Орудж, надев дачный костюм — синие джинсы фирмы «Филипс», туфли — «адидас», простившись с Пакизой, спустился с корзиной в гараж. Вывел свою «Волгу» на шоссе и включил магнитофон. Звучали песни Ажды Пекан, Ибрагима Татлысеса, Сезен Аксу, и в памяти Оруджа оживали картины того, что должно произойти через два-три часа в его дачном домике. Приятная дрожь охватывала все его тело. Он представлял себе, как немного времени спустя подойдет к приоткрытым воротам и, оглядев переулок, будет с нетерпением ожидать Офелию. Вот мелькнет зеленый плащ, раздастся поспешный стук каблуков… Еще шаг, и Офелия бросится в его объятия. Орудж одной рукой закроет ворота, другой будет гладить ее волосы, шею, затем возьмет девушку на руки, внесет в дом. Раздевшись, они войдут в сауну. После горячих паров станут под холодный душ, обнимутся. Еще не остывший пар, холодная вода, смывающая пот, пахучий шампунь — все это стремительно сольется, и два тела соединятся в одно. Затем они будут пить коньяк, слушать музыку, смотреть порнографические фильмы. Конечно, подобные картины Офелия соглашалась смотреть разве что под воздействием коньячных паров. Потому что они сами, тут же, и даже еще более изощренно, повторят эротические сцены, увиденные на экране.

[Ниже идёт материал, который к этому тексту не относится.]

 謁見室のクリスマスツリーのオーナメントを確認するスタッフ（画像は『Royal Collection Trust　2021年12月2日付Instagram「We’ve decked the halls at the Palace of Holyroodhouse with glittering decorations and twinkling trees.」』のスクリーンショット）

Месяц без Офелии еще сильнее разжег, распалил его воображение. Стараясь догнать время, увеличил скорость. Можно подумать, что в его это власти было — передвинуть часы, поспеть раньше времени к грядущим событиям. Вспоминая запах духов Офелии, ее прикосновения, ласки, шепот, любовные стоны, он торопился, спешил. Проезжая мимо двухэтажного дома, где жила Офелия, он представил себе, как она готовится к встрече — меняет нижнее белье, надевает чулки, душится… И голова его при этом слегка кружилась, глаза заволакивала пелена томления и нетерпения. Въехав в переулок, он вышел из машины и, вдев ключ в массивный замок, отворил двойные ворота. Затем он вошел на территорию дачи, запер ее изнутри и отворил дверь, находящуюся на первом этаже. Вынес корзину из машины, сложил продукты в холодильник, затопил печь, зажег свет, включил телевизор.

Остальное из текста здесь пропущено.